Into the Brexit void we go as Ryanair sounds chaos warning

Planet Business: The ‘neural lace’ that will mesh human brains with computers... finally

In numbers: No-fly zone

44 million

Number of passengers that Ryanair expects to carry in and out of the UK this year. The airline warned that the UK faces the "distinct possibility" of having "no flights to or from Europe" for a period after March 2019 if it doesn't prioritise post-Brexit aviation negotiations.

41

Percentage of people in Britain who have changed their holiday plans this year because a weak sterling has made trips overseas more expensive, according to a survey by travel insurer Columbus Direct.

16

Percentage of people who told Columbus Direct they were planning a “staycation” in Brexit Britain this year.
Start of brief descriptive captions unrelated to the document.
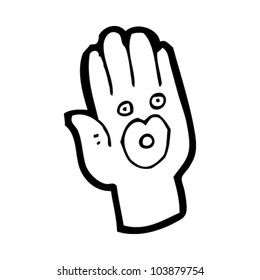 cartoon hand and face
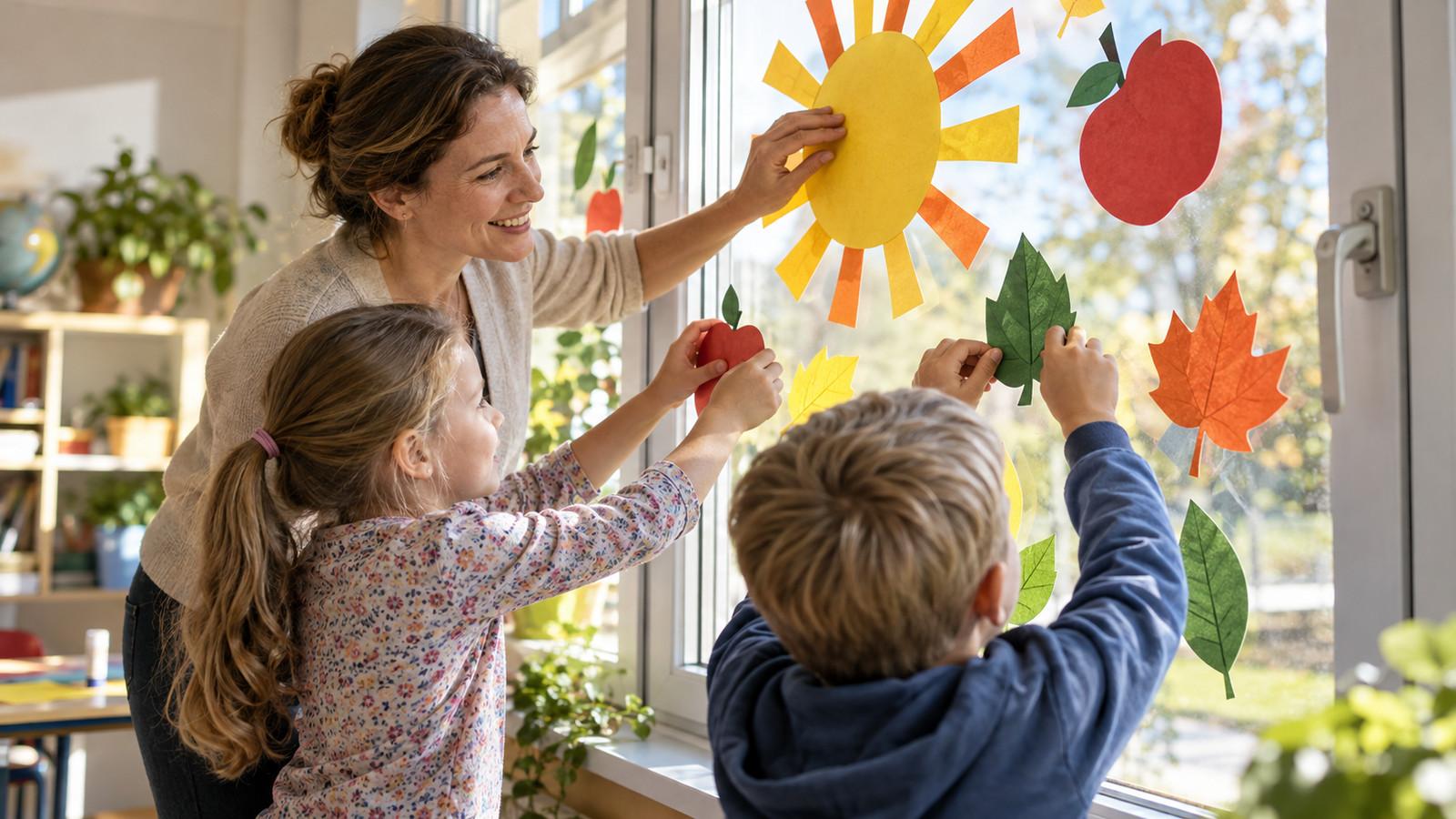 Fensterbild Tonpapier: Grammatur und Format für die Klasse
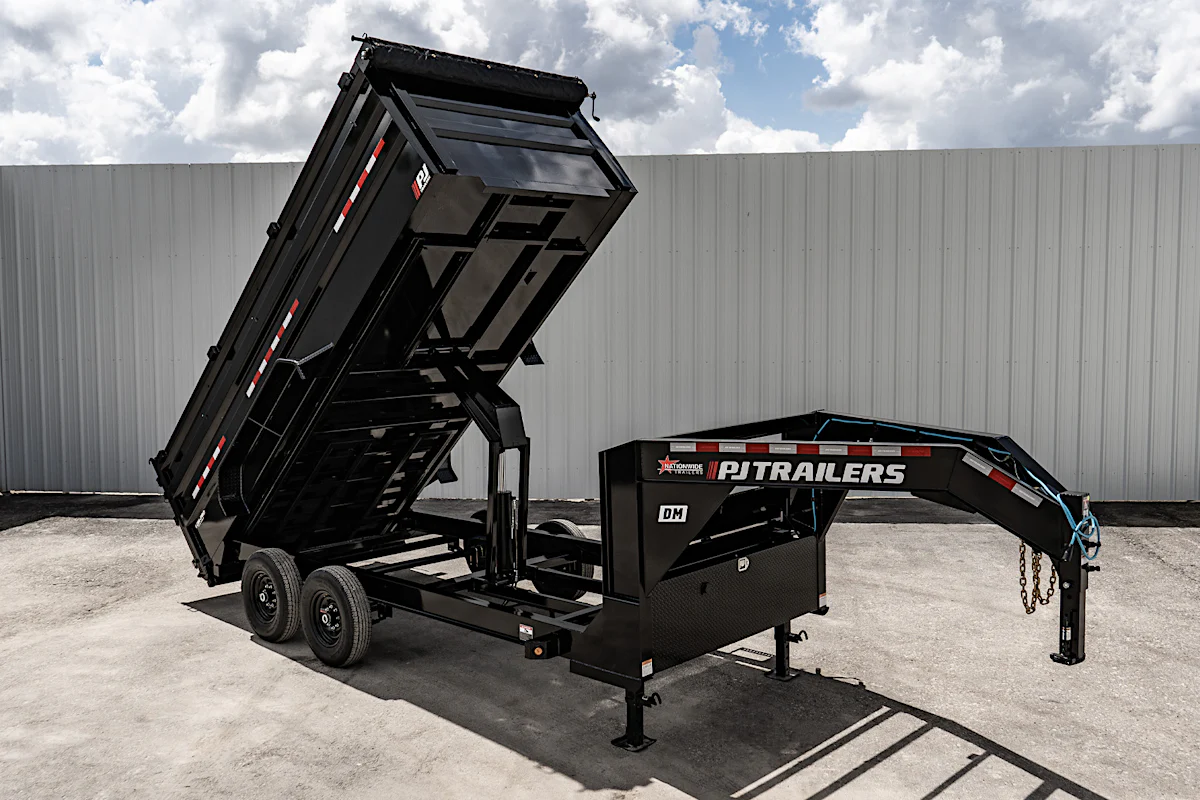 PJ Trailers 14'x83" Low Pro High Side Dump Trailer w/ 4' Sides (DM) - Stock #90301 - Image 1 of 33 PJ Trailers 14'x83" Low Pro High Side Dump Trailer w/ 4' Sides (DM) - Stock #90301 - Image 1 of 33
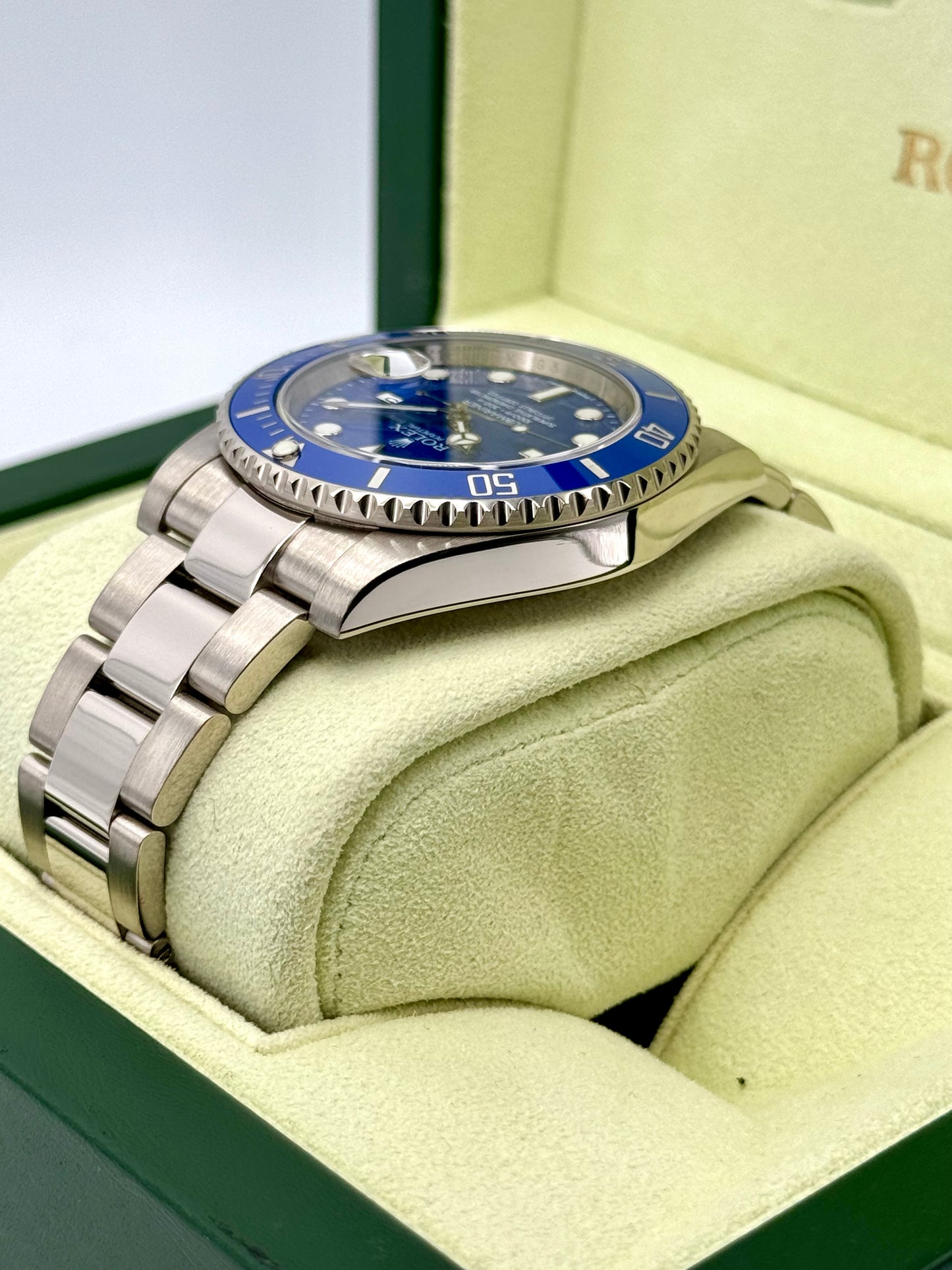 2013 Rolex Submariner Date "Smurf" 40mm 116619LB White Gold Blue Dial - MyWatchLLC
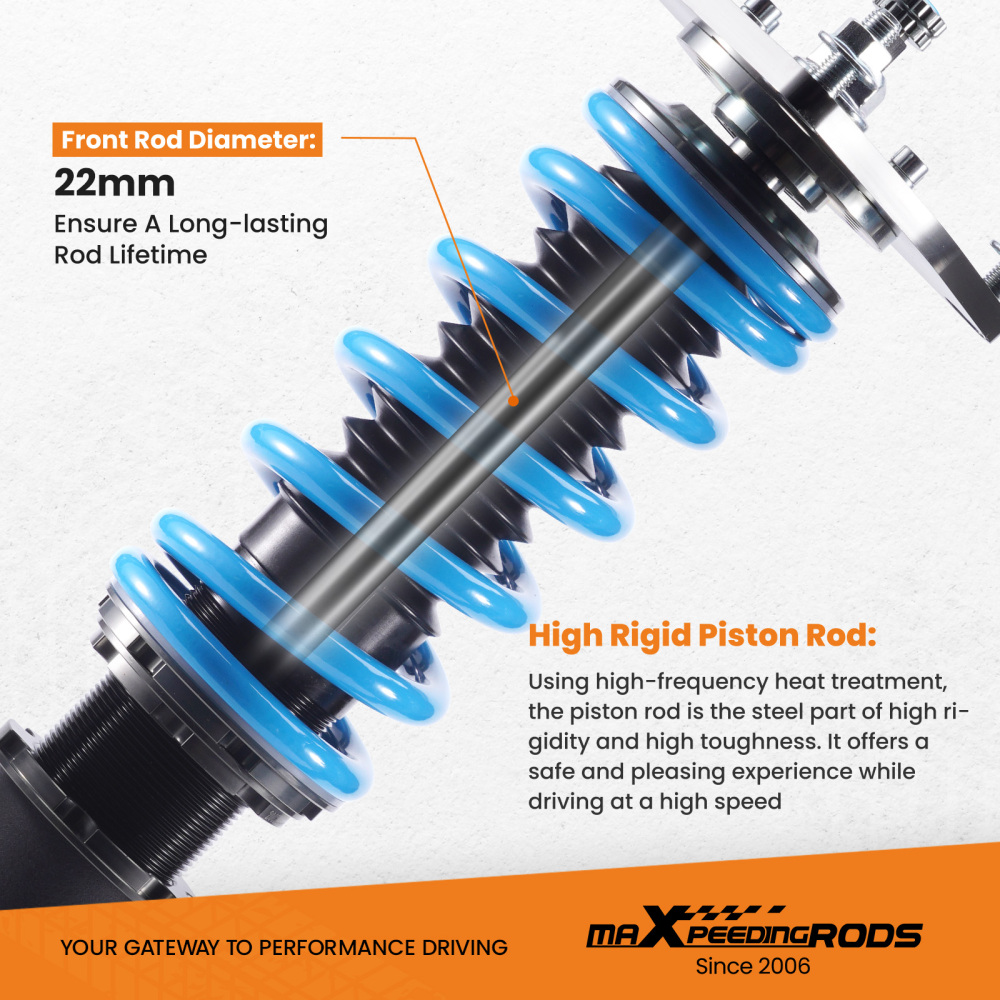 MaXpeedingrods T6 Coilovers Suspension compatible for Hyundai Tiburon 03-08 Adj. Damper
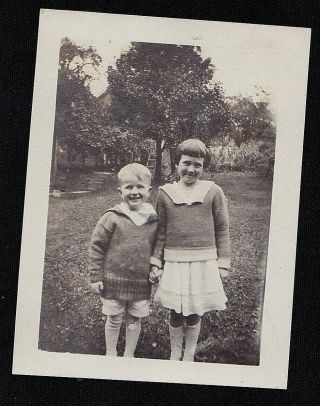 Old Vintage Antique Photograph Adorable Little Boy And Girl Standing In Yard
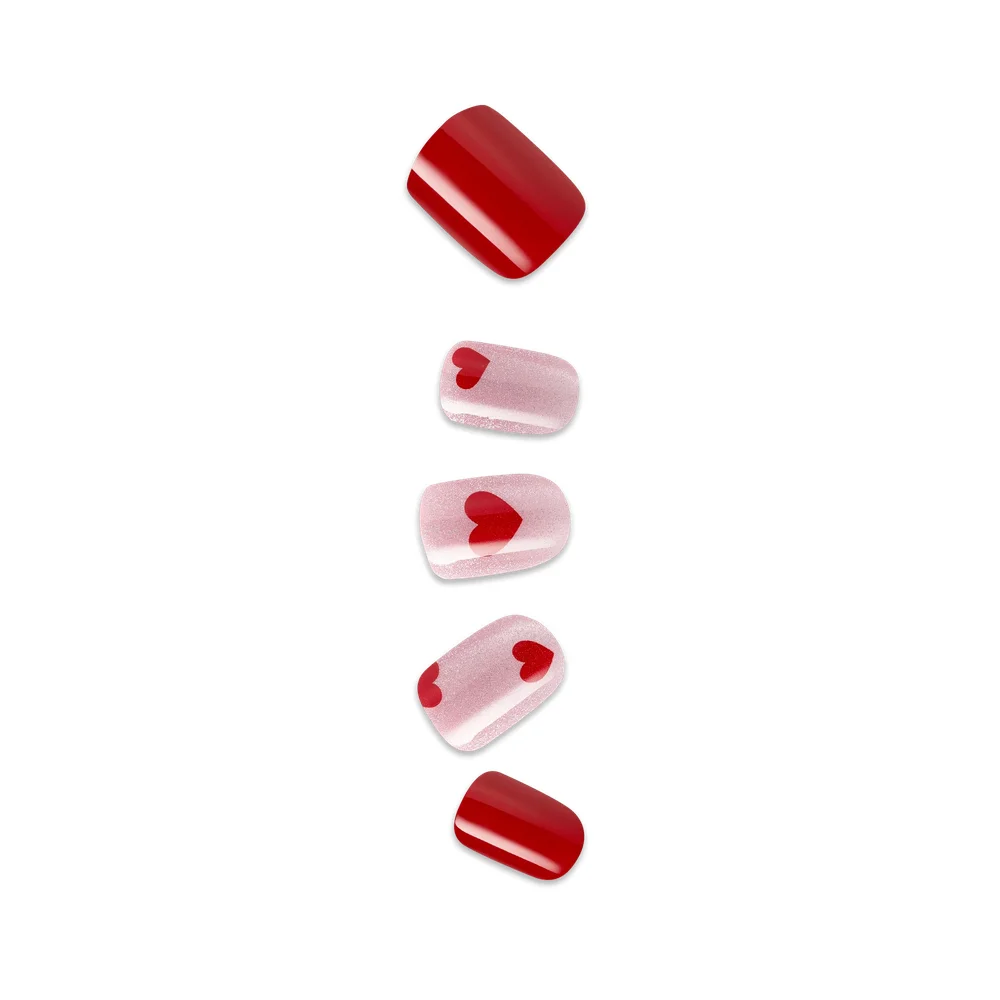 Impress Design No Glue Fake Press On Nails - Good 4 You | Design, Pink & Red, Short, Squoval, Manicure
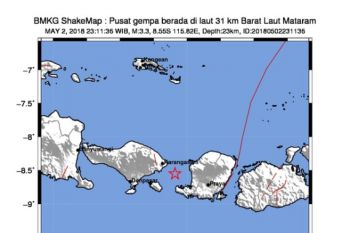 Mataram diguncang gempa bumi 3,3 skala Richter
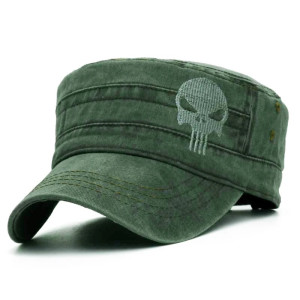 Casquette tête de mort à rabat plat avec crâne brodé couleur vert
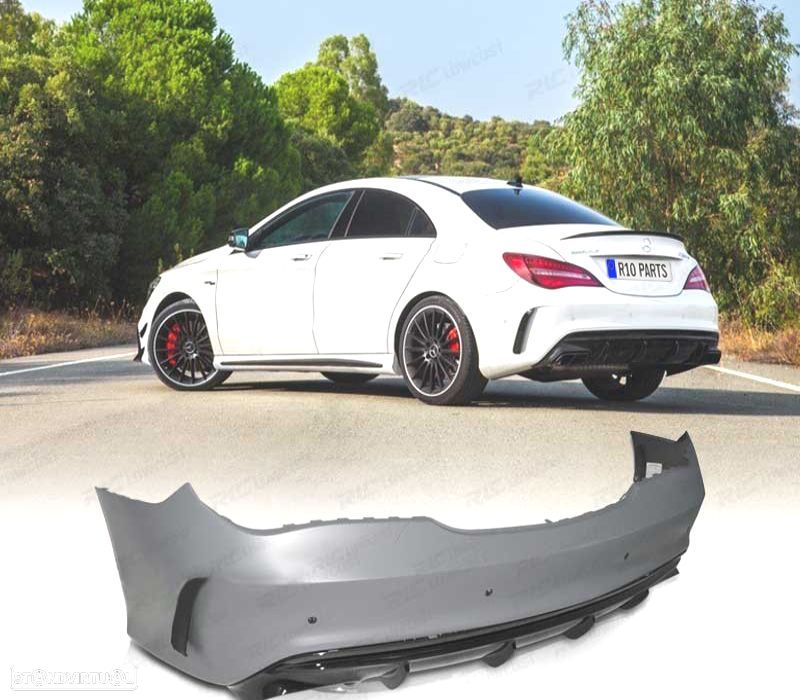PARA-CHOQUES TRASEIRO MERCEDES CLA C117 13-19 LOOK AMG - 1
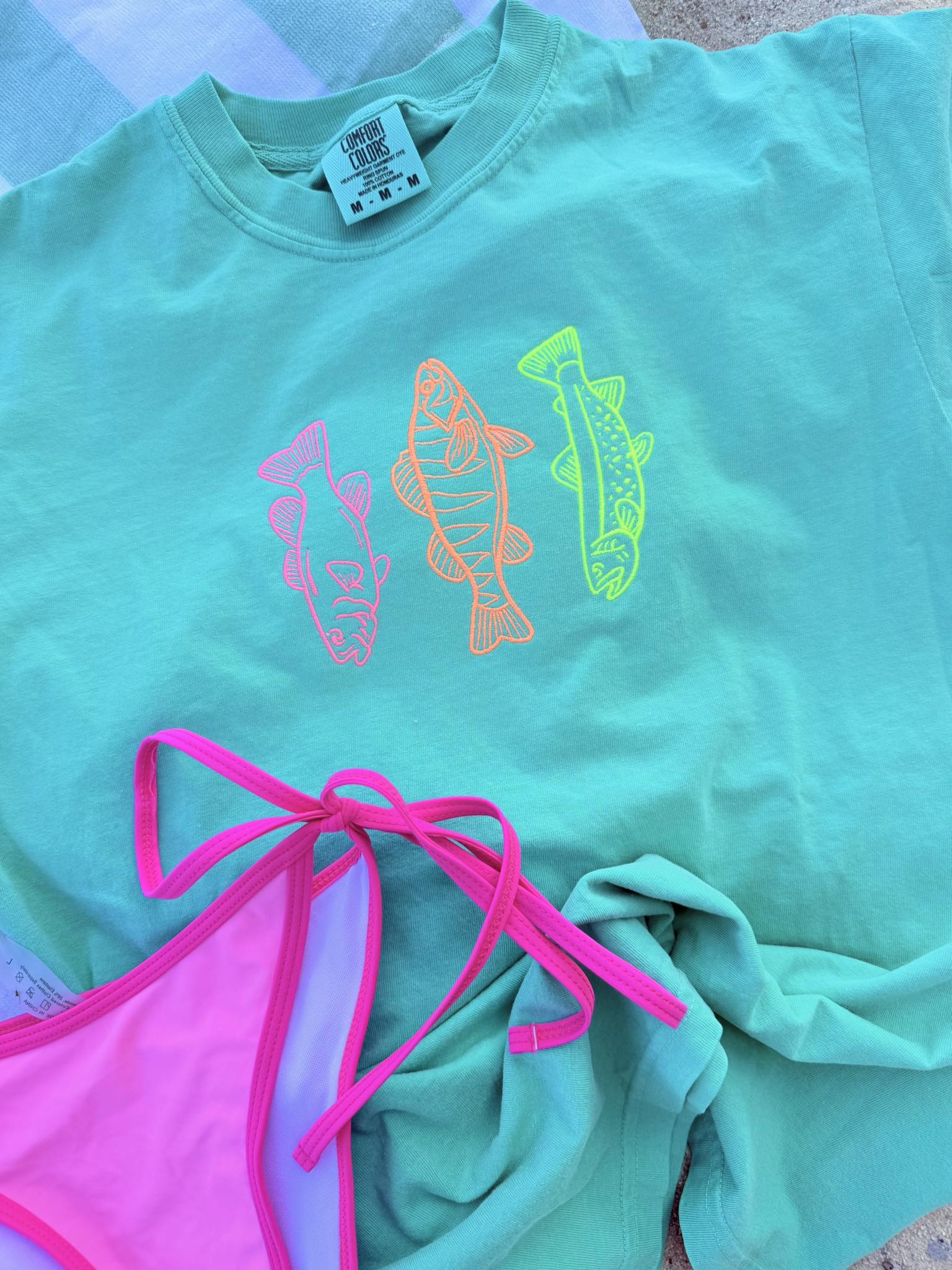 Colorful Trout Island Green Graphic Tee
Might as well get used to them.

Image of the week: The last day

British prime minister Theresa May compared desktop flags and shared bottled water this week with Qatar prime minister Abdullah bin Nasser bin Khalifa Al Thani, who was delighted to be visiting Birmingham as part of the now all-important Qatar-UK Business and Investment Forum. This was one of the last sightings of May before a tragic rift opened up in the space-time continuum. If you're reading this, you're trapped in one of two possible parallel realities. In one reality, May decided Brexit didn't mean Brexit after all and everyone more or less lived happily ever after. In the other reality, she went ahead and triggered article 50. In this timeline, Scotland declares war on England, Boris Johnson becomes King of the Brexiteers and the new face on the pound coin is Nigel Farage.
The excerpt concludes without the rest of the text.